Hybrid Power Solutions Inc. is a Canadian clean energy company listed on the Canadian Securities Exchange under the symbol "HPSS". Hybrid specializes in the development of sustainable energy solutions, offering products that redefine how industries approach access to power and energy storage. With a focus on innovation and environmental responsibility, HPS continues to lead the way in providing scalable, cost-effective power solutions.

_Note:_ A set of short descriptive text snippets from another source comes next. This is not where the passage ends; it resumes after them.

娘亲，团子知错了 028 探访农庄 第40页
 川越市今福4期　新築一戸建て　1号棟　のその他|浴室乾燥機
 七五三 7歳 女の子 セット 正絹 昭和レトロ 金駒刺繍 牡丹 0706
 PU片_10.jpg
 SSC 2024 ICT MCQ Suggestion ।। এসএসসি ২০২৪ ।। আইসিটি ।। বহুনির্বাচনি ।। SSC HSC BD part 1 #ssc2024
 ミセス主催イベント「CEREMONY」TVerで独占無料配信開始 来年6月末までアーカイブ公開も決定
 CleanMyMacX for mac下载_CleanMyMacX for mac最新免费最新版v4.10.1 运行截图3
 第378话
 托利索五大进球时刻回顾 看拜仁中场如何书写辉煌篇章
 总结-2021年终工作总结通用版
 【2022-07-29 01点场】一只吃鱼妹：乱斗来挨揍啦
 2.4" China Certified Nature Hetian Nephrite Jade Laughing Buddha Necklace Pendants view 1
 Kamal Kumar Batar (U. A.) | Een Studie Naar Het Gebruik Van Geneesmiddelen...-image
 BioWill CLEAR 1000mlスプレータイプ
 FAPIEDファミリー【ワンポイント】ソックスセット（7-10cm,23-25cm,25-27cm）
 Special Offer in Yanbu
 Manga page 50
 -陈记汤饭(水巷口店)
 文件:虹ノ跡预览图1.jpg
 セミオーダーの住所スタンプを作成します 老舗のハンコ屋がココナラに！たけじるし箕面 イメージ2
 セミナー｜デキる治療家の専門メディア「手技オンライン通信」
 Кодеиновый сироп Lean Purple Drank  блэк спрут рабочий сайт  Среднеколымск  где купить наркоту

Forward-Looking Statements
Certain information contained herein constitutes "forward-looking information" under Canadian securities legislation. Forward-looking information includes, but is not limited to, statements with respect to the terms of the Offering and Units, terms of the Warrant acceleration clause, filing of the Prospectus Supplement, use of proceeds, payment of any finder's fees, the closing date of the Offering and receipt of all necessary regulatory and CSE approvals. Generally, forward-looking information can be identified by the use of forward-looking terminology such as "will", "will be", "intends", "expected" or variations of such words and phrases or statements that certain actions, events or results "will" occur. Forward-looking statements are based on the opinions and estimates of management as of the date such statements are made and are necessarily based upon a number of assumptions and estimates that, while considered reasonable by management of the Company, they are subject to known and unknown risks, uncertainties and other factors that may cause the actual results to be materially different, including receipt of all necessary regulatory approvals. Although management of the Company have attempted to identify important factors that could cause actual results to differ materially from those contained in forward-looking statements or forward-looking information, there may be other factors that cause results not to be as anticipated, estimated or intended including without limitation those factors discussed under the heading "Risk Factors" in the Shelf Prospectus and the Prospectus Supplement and other filings of the Company with the Canadian Securities Authorities, copies of which can be found under the Company's profile on SEDAR+. There can be no assurance that such statements will prove to be accurate, as actual results and future events could differ materially from those anticipated in such statements. Accordingly, readers should not place undue reliance on forward-looking statements and forward-looking information. The Company will not update any forward-looking statements or forward-looking information that are incorporated by reference herein, except as required by applicable securities laws.
The Canadian Securities Exchange does not accept responsibility for the adequacy or accuracy of this release.
NOT FOR DISTRIBUTION TO UNITED STATES NEWSWIRE SERVICES OR FOR DISSEMINATION IN THE UNITED STATES.